# WORK INSTRUCTION
Write out the entries verbatim and leave the images out of the copy.

# Short web captions

=======

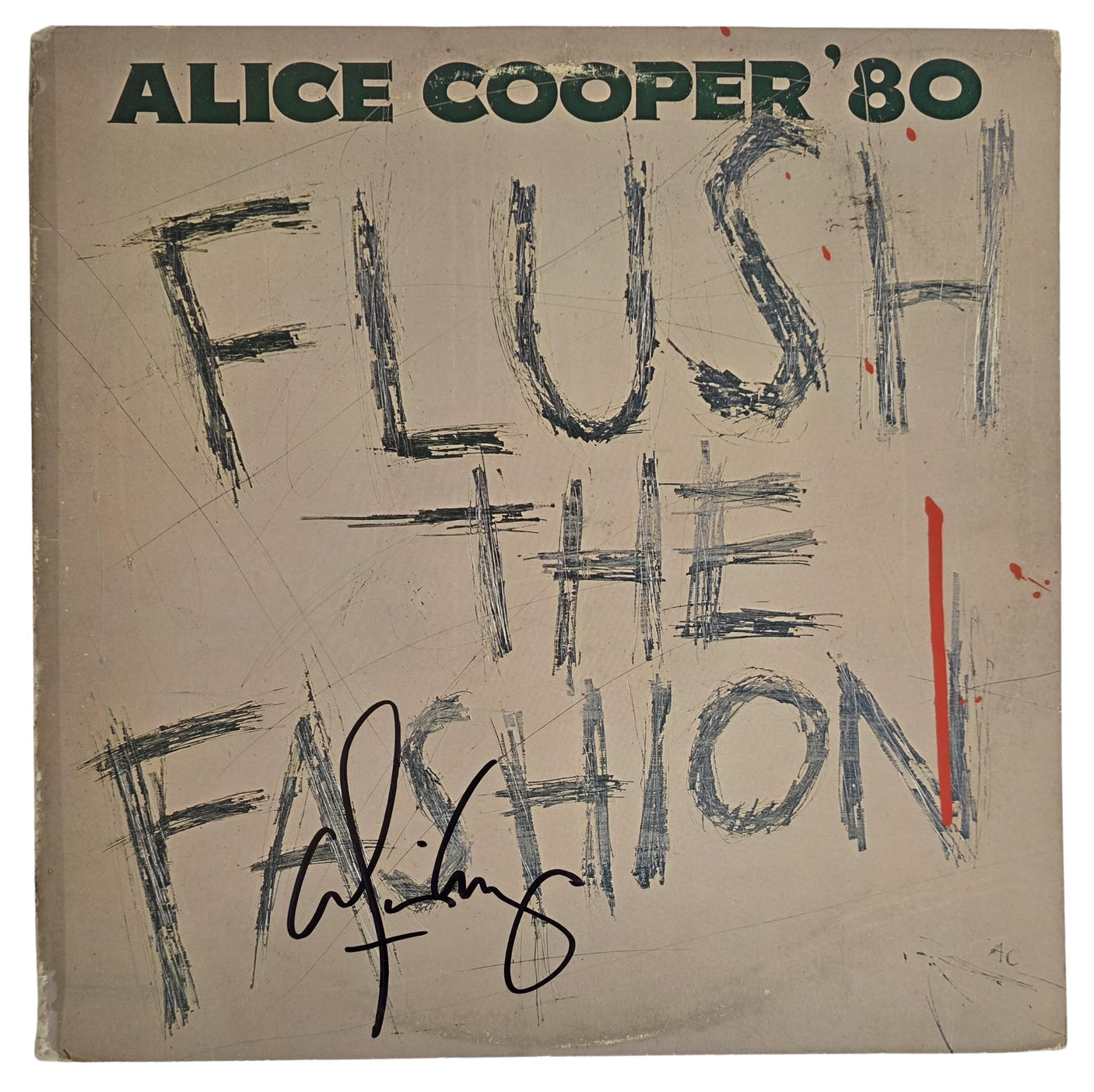 Alice Cooper Signed Flush the Fashion Album COA Proof Autographed Vinyl Record
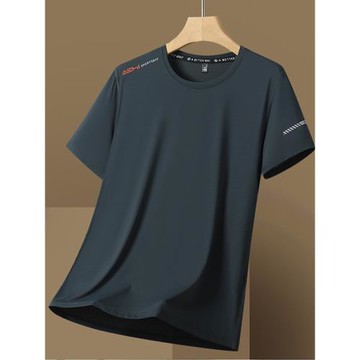 冰絲短袖T恤男夏季2025新款寬松大碼圓領透氣休閑運動速干衣男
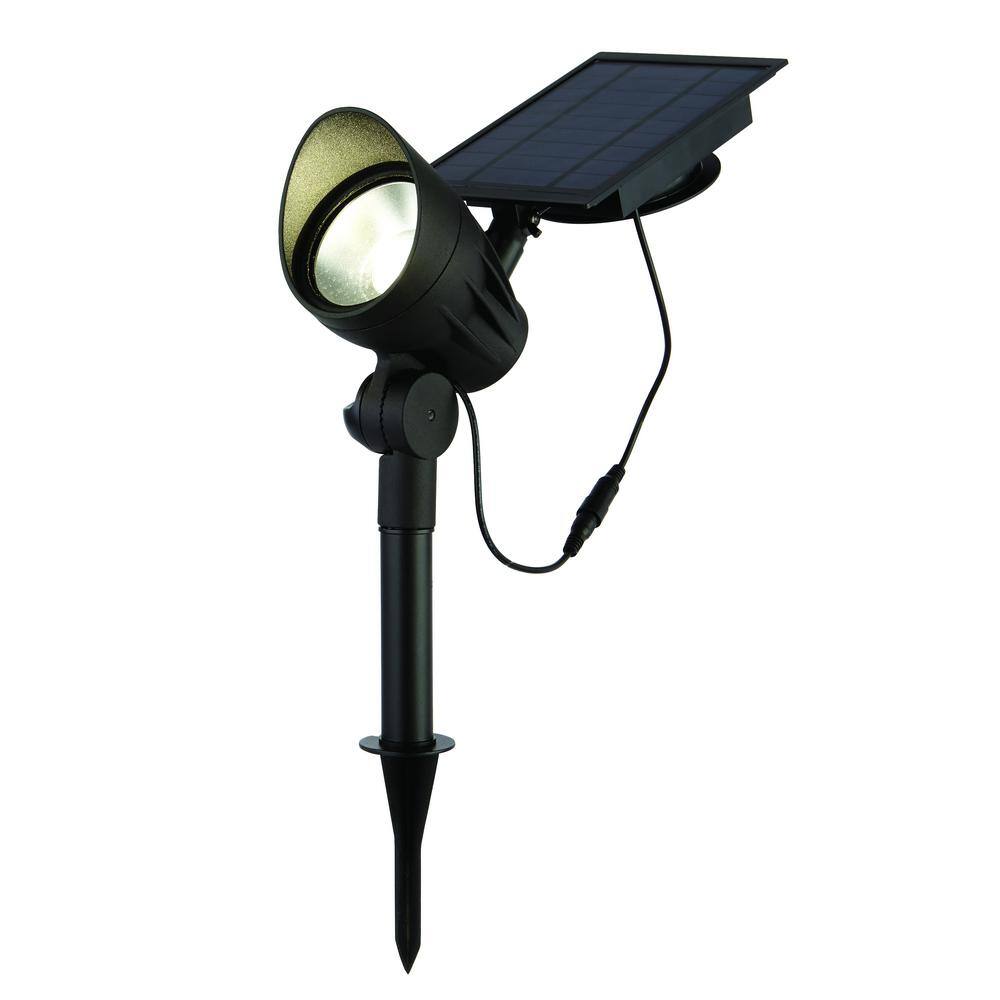 Hampton Bay Solar Black LED 100 Lumen Metal Spotlight NXT-3149B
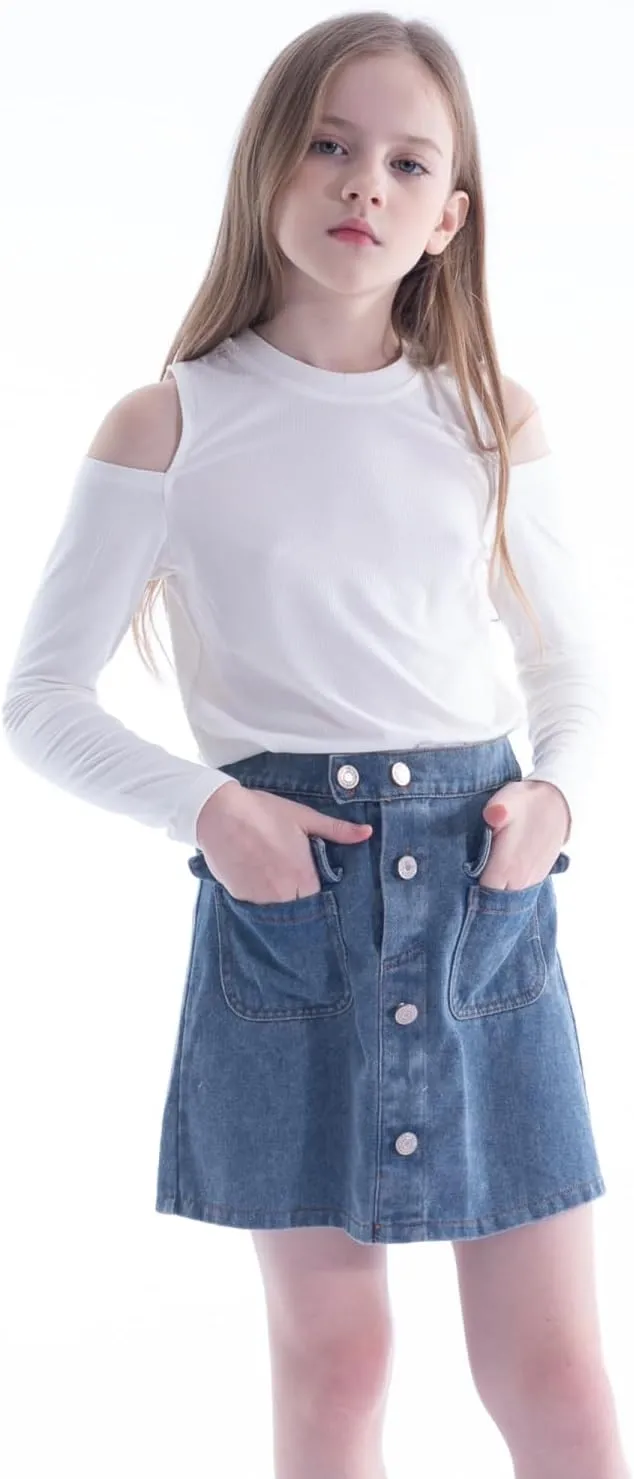 WELAKEN Jean Skirt for Girls Toddler & Kids II Girl's Elastic Waist A Line Mini Denim Skirts
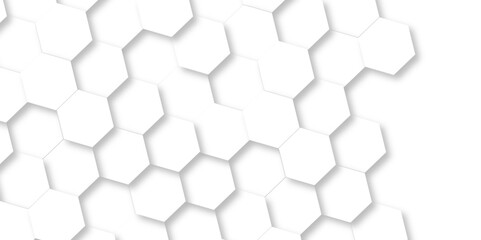 Naklejka premium Minimal white hexagonal hexagon modern technology creative emboss light honeycomb polygonal web. abstract geometric science and mosaic tile with template texture background.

=======

# RESULT
 Alice Cooper Signed Flush the Fashion Album COA Proof Autographed Vinyl Record
 冰絲短袖T恤男夏季2025新款寬松大碼圓領透氣休閑運動速干衣男
 Hampton Bay Solar Black LED 100 Lumen Metal Spotlight NXT-3149B
 WELAKEN Jean Skirt for Girls Toddler & Kids II Girl's Elastic Waist A Line Mini Denim Skirts
 Naklejka premium Minimal white hexagonal hexagon modern technology creative emboss light honeycomb polygonal web. abstract geometric science and mosaic tile with template texture background.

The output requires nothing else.